_PROBLEM_: Copying rule for the data below: pictures stay out, and only the lines from the one with "Red Stone Villas" down to the one with "Amherst, WI 54406", inclusive, are repeated exactly.

_INFORMATION PROVIDED_:
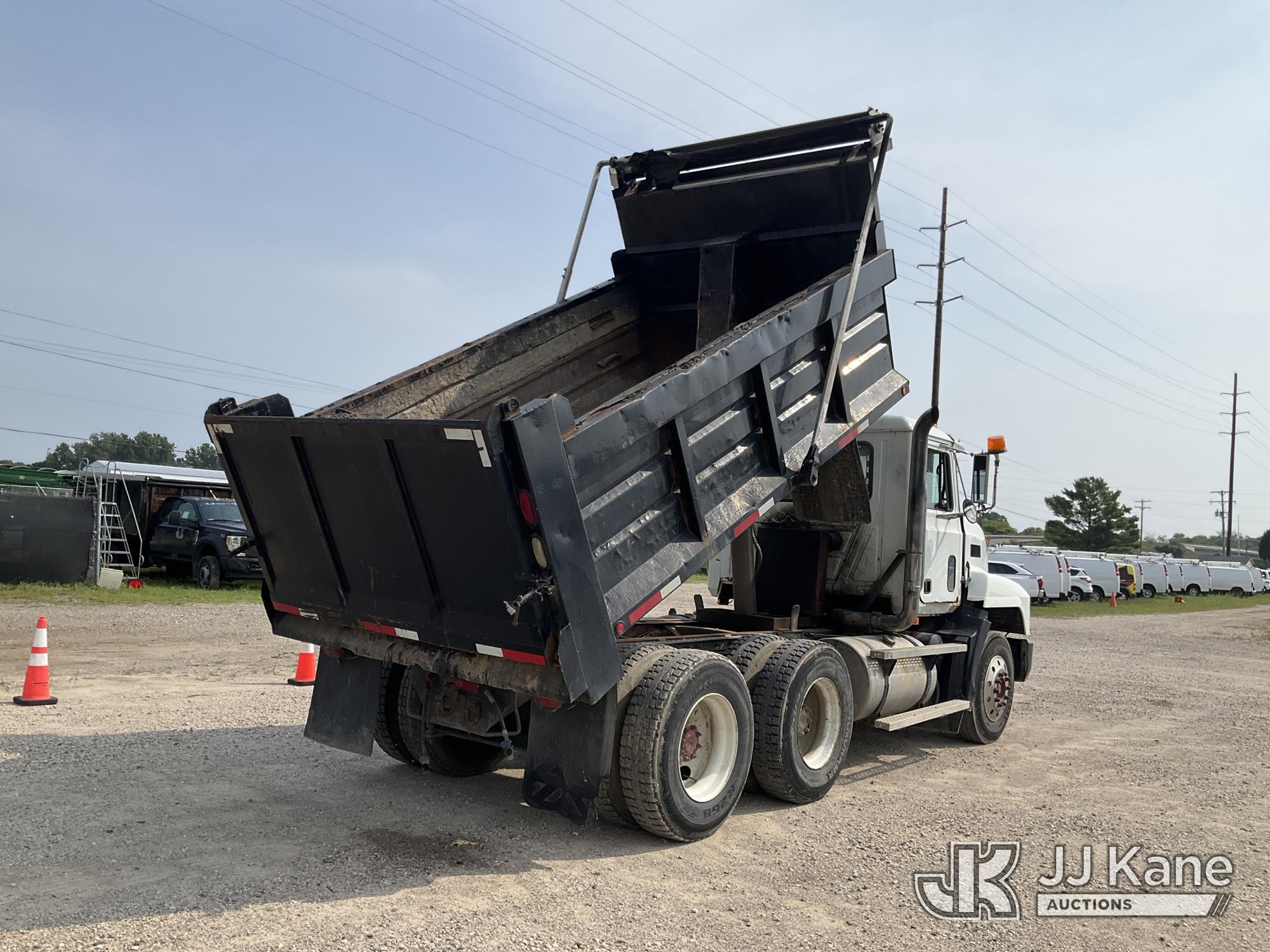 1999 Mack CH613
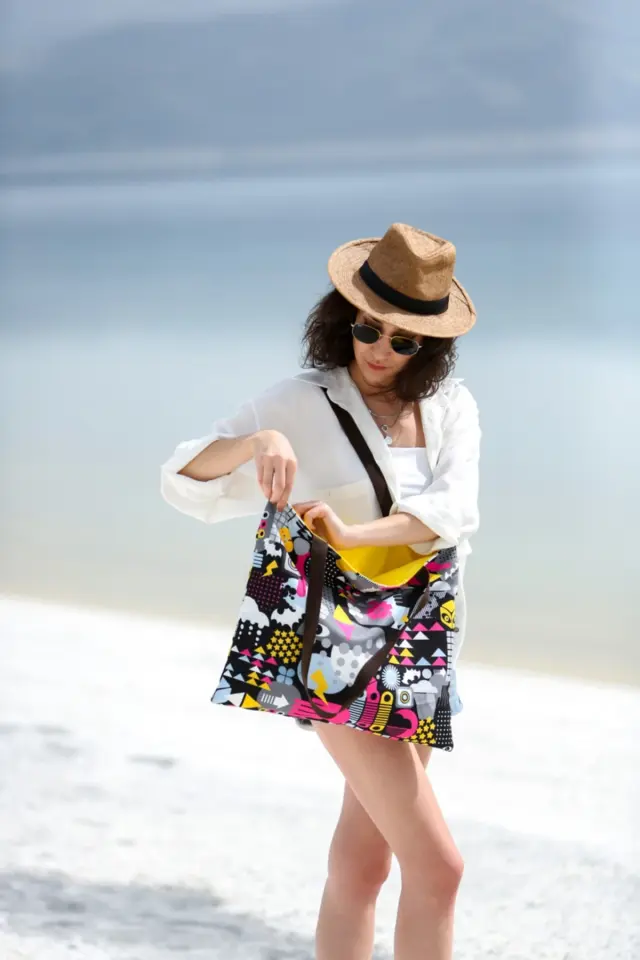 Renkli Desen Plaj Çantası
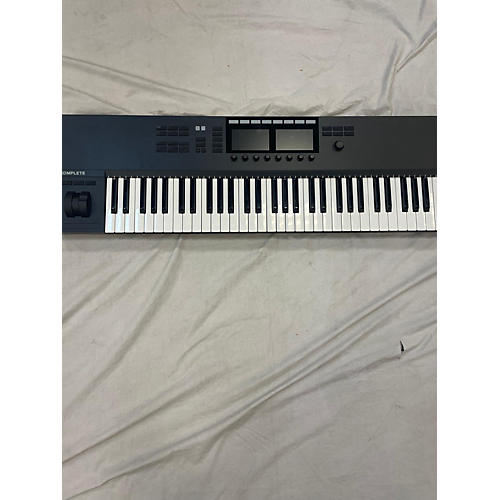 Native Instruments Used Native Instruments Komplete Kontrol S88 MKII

...

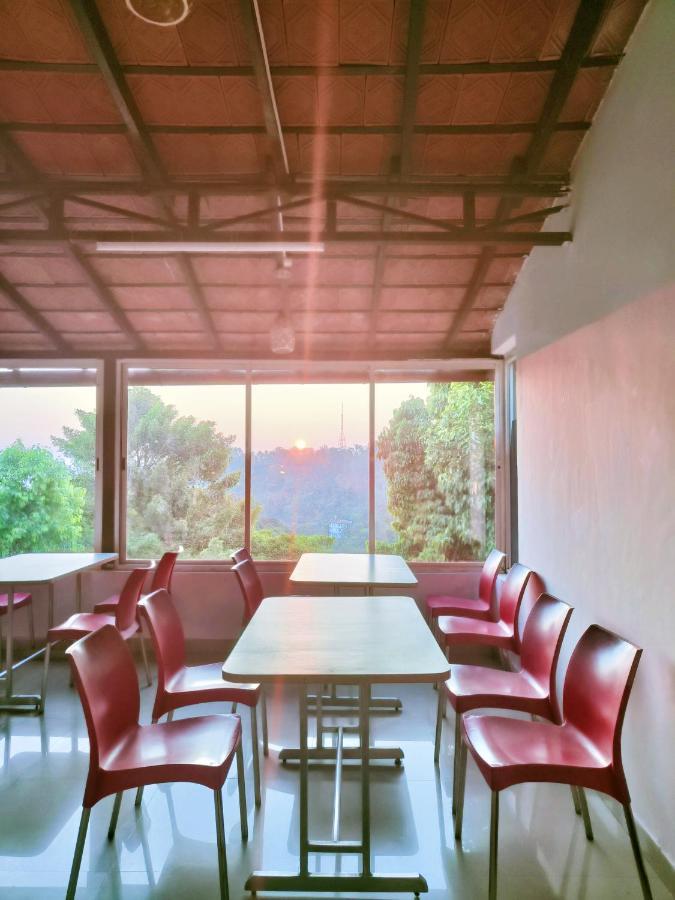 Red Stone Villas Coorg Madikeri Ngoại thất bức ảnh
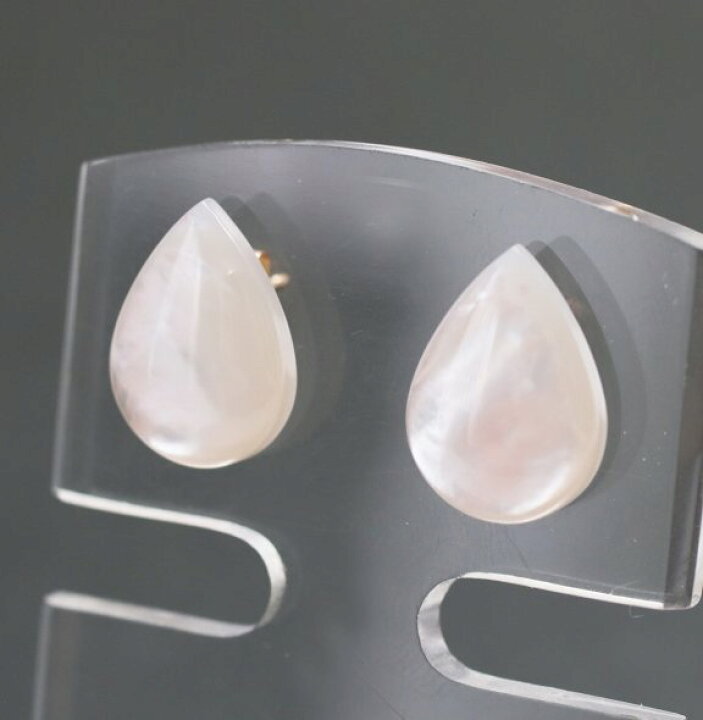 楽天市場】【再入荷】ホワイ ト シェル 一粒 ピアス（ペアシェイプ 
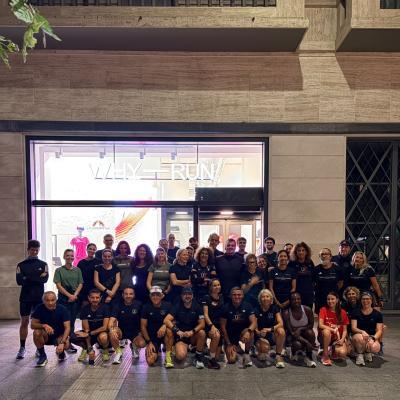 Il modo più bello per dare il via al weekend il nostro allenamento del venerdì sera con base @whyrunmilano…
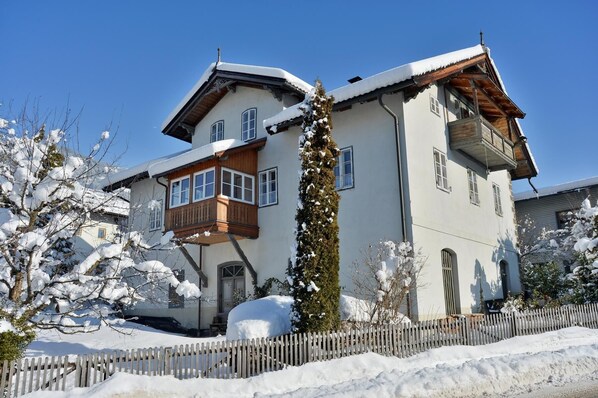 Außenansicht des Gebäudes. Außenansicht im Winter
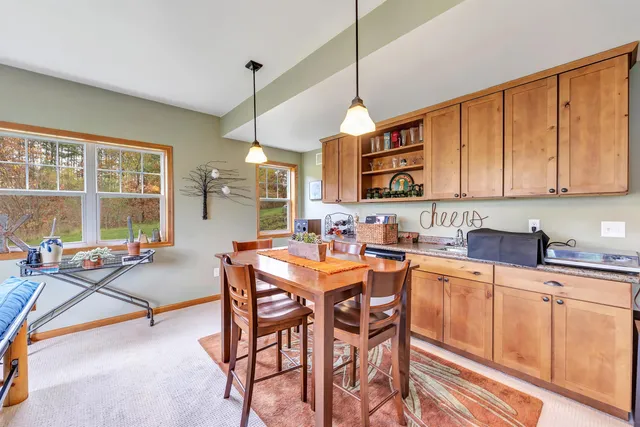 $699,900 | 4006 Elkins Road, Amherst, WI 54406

_WRITTEN REPLY_:
 Red Stone Villas Coorg Madikeri Ngoại thất bức ảnh
 楽天市場】【再入荷】ホワイ ト シェル 一粒 ピアス（ペアシェイプ 
 Il modo più bello per dare il via al weekend il nostro allenamento del venerdì sera con base @whyrunmilano…
 Außenansicht des Gebäudes. Außenansicht im Winter
 $699,900 | 4006 Elkins Road, Amherst, WI 54406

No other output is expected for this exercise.